Exercise objective >> Print every entry exactly once more, omitting each picture.
Records to use START
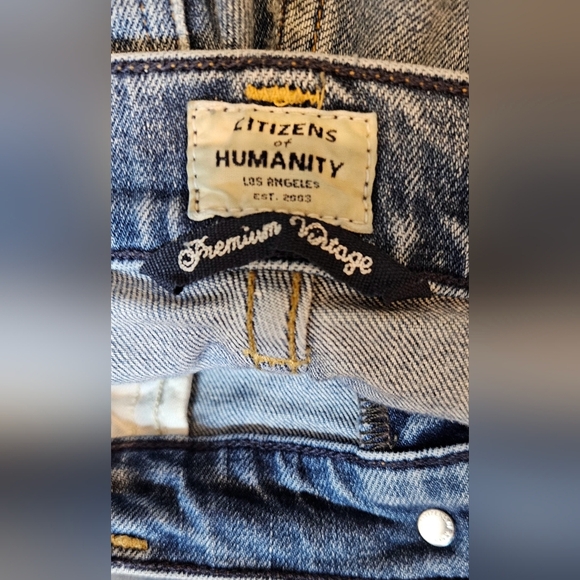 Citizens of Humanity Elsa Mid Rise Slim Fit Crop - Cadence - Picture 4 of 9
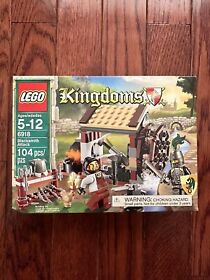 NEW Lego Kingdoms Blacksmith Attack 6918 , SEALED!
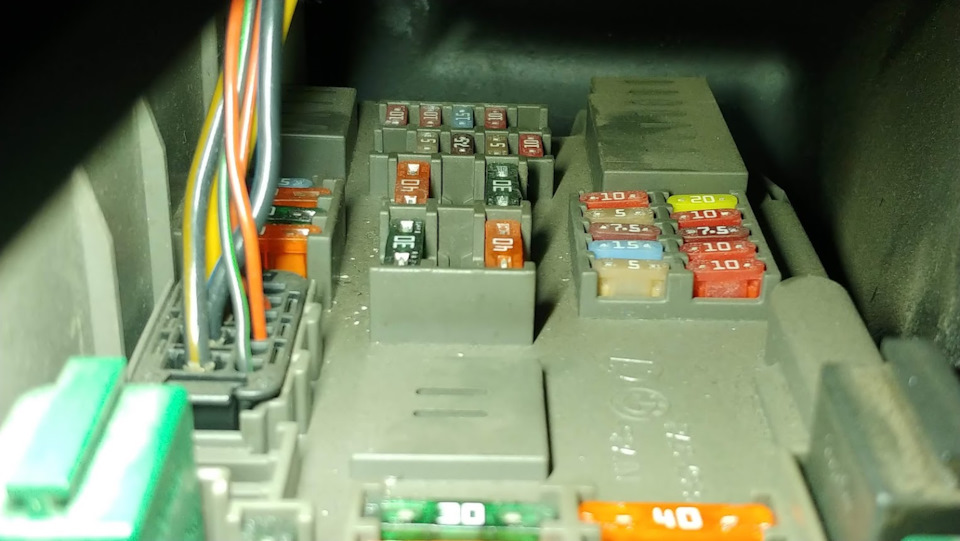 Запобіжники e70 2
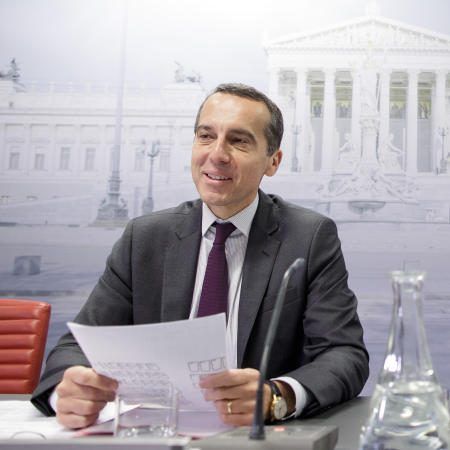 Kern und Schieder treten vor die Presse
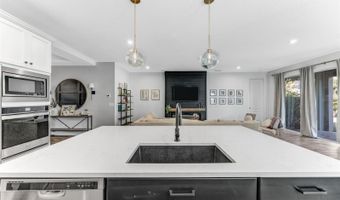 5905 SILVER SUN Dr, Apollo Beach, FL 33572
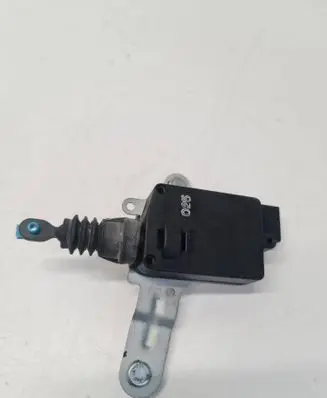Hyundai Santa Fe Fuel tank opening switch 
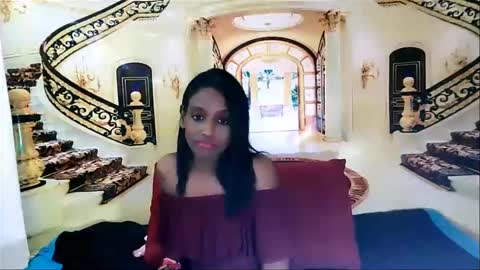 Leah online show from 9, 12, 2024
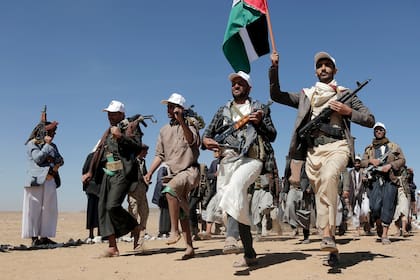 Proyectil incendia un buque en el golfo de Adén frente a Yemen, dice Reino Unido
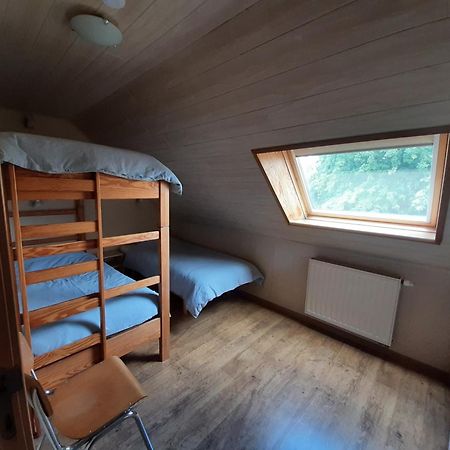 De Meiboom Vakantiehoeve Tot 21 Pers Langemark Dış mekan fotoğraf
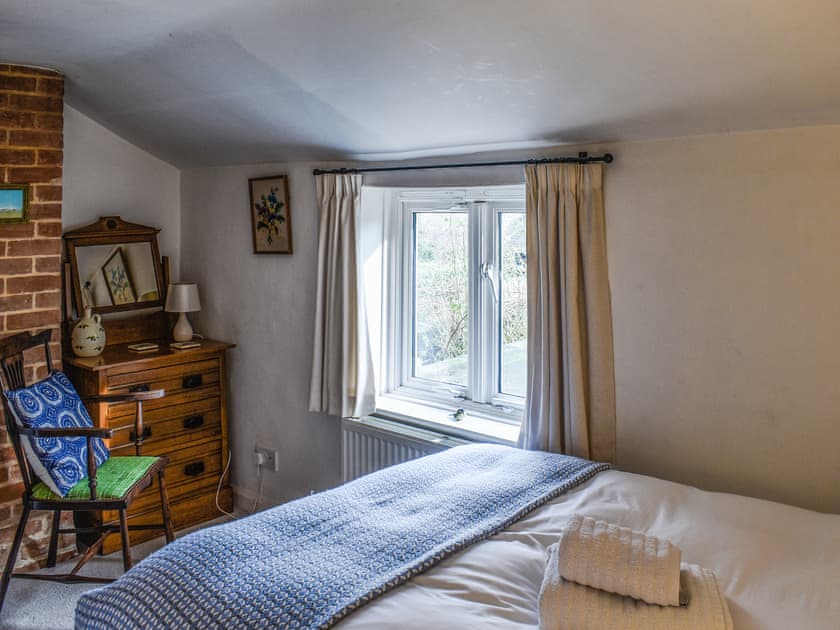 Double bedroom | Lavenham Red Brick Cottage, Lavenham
Records to use END
Response area >>
 Citizens of Humanity Elsa Mid Rise Slim Fit Crop - Cadence - Picture 4 of 9
 NEW Lego Kingdoms Blacksmith Attack 6918 , SEALED!
 Запобіжники e70 2
 Kern und Schieder treten vor die Presse
 5905 SILVER SUN Dr, Apollo Beach, FL 33572
Hyundai Santa Fe Fuel tank opening switch 
 Leah online show from 9, 12, 2024
 Proyectil incendia un buque en el golfo de Adén frente a Yemen, dice Reino Unido
 De Meiboom Vakantiehoeve Tot 21 Pers Langemark Dış mekan fotoğraf
 Double bedroom | Lavenham Red Brick Cottage, Lavenham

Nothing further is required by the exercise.